Cancer Science Institute of Singapore, National University of Singapore; Department of Haematology-Oncology, National University Cancer Institute
Cancer Science Institute of Singapore, National University of Singapore; Department of Pharmacology, Yong Loo Lin School of Medicine, National University of Singapore
Department of Pharmacology, Yong Loo Lin School of Medicine, National University of Singapore
Cancer Science Institute of Singapore, National University of Singapore; Department of Biochemistry, Yong Loo Lin School of Medicine, National University of Singapore,; UMR 7057 Matter and Complex Systems University Paris; Comprehensive Cancer Center Institut Gustave Roussy.
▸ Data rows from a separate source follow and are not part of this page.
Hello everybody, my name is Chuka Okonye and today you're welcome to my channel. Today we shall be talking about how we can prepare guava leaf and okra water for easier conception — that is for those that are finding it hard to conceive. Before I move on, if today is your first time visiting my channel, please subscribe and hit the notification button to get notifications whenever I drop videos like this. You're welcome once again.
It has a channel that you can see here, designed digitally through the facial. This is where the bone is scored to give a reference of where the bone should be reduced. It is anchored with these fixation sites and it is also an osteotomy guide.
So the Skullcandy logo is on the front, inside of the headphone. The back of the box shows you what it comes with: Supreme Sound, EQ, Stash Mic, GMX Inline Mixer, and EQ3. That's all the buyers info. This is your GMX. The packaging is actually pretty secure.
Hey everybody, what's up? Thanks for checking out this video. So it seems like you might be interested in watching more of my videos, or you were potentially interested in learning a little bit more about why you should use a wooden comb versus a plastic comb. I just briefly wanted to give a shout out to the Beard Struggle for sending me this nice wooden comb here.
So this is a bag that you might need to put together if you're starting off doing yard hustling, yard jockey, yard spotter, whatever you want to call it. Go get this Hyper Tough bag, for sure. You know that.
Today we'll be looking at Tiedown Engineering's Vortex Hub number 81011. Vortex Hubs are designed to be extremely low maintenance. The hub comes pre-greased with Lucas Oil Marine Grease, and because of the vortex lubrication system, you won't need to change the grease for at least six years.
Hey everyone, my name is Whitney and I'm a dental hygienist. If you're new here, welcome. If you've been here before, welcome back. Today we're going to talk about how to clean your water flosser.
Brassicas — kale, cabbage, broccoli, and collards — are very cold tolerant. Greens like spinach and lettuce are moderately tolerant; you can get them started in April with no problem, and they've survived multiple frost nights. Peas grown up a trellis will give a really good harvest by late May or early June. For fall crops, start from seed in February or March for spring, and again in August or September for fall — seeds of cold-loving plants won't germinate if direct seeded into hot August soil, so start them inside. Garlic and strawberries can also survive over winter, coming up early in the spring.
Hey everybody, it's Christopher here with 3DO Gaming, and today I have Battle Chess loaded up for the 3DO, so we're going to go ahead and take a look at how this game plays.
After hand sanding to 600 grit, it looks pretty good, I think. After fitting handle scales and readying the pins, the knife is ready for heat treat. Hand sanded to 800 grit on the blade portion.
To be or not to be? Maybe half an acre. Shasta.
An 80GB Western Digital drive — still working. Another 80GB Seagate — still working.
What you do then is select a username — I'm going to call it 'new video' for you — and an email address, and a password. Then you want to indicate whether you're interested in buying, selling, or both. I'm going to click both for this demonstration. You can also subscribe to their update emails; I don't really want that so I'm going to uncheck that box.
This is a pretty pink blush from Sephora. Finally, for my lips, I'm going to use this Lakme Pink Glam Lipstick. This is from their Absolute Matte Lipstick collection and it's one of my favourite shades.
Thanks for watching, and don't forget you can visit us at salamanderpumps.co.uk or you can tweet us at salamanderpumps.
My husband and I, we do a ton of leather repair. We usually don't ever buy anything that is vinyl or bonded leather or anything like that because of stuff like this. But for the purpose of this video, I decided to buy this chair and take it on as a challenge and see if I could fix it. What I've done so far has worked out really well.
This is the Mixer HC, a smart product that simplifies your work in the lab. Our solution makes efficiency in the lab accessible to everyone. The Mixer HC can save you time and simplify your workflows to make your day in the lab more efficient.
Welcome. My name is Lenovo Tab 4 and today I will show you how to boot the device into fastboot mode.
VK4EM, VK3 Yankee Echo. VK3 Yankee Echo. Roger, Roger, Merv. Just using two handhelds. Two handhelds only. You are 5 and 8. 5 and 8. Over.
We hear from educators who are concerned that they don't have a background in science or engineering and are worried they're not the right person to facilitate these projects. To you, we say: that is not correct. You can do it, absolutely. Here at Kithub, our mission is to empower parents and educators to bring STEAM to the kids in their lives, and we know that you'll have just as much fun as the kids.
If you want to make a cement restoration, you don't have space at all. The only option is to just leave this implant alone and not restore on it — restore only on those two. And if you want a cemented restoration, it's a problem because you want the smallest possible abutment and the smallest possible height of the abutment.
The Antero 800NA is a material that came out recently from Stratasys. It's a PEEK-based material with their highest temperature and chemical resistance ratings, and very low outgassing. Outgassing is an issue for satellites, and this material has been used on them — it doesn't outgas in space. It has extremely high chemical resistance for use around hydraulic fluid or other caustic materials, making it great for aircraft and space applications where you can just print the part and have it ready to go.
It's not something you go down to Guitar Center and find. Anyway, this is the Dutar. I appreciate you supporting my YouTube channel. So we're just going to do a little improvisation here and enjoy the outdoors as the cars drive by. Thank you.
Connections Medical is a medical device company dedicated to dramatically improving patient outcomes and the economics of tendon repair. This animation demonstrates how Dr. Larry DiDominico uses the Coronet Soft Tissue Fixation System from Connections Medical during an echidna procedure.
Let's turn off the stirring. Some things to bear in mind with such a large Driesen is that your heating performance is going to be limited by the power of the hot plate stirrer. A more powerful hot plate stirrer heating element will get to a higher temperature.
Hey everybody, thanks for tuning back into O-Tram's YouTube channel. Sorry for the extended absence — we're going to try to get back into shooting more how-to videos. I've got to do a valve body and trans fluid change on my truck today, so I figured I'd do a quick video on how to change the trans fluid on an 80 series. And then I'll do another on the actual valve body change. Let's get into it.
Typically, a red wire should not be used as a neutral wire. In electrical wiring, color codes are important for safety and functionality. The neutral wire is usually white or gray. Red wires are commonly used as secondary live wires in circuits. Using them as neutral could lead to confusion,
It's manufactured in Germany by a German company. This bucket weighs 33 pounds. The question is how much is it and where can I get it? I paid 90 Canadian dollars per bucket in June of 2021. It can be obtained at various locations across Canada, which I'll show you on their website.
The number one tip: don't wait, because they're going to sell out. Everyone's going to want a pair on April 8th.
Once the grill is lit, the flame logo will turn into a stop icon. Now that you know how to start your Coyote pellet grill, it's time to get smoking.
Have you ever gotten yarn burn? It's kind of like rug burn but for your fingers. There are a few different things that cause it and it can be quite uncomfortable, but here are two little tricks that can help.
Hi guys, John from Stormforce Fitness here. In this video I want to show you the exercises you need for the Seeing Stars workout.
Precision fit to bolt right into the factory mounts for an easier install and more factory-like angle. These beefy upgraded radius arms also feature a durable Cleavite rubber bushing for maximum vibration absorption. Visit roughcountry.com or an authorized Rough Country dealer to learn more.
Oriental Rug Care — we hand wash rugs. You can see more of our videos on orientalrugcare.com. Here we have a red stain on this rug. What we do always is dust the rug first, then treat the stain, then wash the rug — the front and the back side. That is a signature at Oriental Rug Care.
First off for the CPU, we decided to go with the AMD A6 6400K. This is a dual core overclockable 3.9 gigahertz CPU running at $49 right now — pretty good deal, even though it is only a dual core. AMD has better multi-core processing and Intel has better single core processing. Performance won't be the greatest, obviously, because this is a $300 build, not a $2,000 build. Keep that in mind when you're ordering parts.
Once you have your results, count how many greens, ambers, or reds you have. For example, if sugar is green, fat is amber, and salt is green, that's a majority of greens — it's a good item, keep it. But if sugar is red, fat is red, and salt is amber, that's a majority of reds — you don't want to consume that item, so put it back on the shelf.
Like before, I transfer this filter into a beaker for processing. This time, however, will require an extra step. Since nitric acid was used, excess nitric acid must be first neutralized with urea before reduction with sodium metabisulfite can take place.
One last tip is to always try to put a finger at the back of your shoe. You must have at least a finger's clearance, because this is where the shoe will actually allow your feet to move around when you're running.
Cancer Science Institute of Singapore, National University of Singapore; Department of Haematology-Oncology, National University Cancer Institute; Department of Pharmacology, Yong Loo Lin School of Medicine, National University of Singapore

Abstract

Exosomes are extracellular signalosomes that facilitate eukaryotic intercellular communication under a wide range of normal physiological contexts. In malignancies, this regulatory circuit is co-opted to promote cancer cell survival and outgrowth. Tumour-derived exosomes (TDEs) carry a pro-EMT (epithelial-mesenchymal transition) programme including transforming growth factor beta (TGFβ), caveolin-1, hypoxia-inducible factor 1 alpha (HIF1α), and β-catenin that enhances the invasive and migratory capabilities of recipient cells, and contributes to stromal remodelling and premetastatic niche formation. The integrin expression patterns on TDEs appear to dictate their preferential uptake by organ-specific cells, implying a crucial role of this pathway in organotropic metastasis. Through the expression of immunomodulatory molecules such as CD39 and CD73, TDEs modify the immune contexture of the tumour microenvironment, which could have implications for immunotherapy. Hence, targeting TDE dysregulation pathways, such as the heparanase/syndecan-1 axis, could represent novel therapeutic strategies in the quest to conquer cancer.